▶ **About this task**
Reproduce each line, exactly, from the one containing "Load image into" through the end of the material. Exclude pictures.

▶ **Provided data**

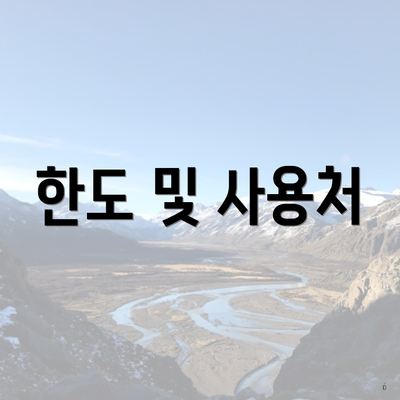 한도 및 사용처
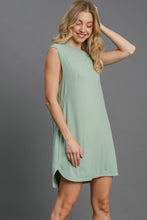 Load image into Gallery viewer, Round Neck Sleeveless High-Low Curved Hemline Mini Dress – Trendy High-Low Dress, Sleeveless Mini Dress, Curved Hemline Dress, Flattering Round Neck Dress, Chic High-Low Dress
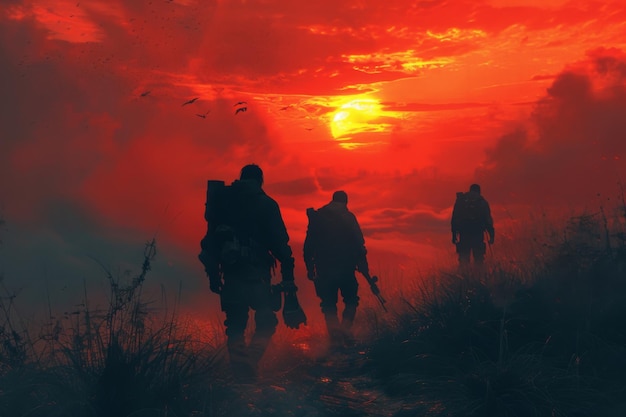 Three Silhouettes Walking Into the Red Sunset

▶ **Your solution**
 Load image into Gallery viewer, Round Neck Sleeveless High-Low Curved Hemline Mini Dress – Trendy High-Low Dress, Sleeveless Mini Dress, Curved Hemline Dress, Flattering Round Neck Dress, Chic High-Low Dress
 Three Silhouettes Walking Into the Red Sunset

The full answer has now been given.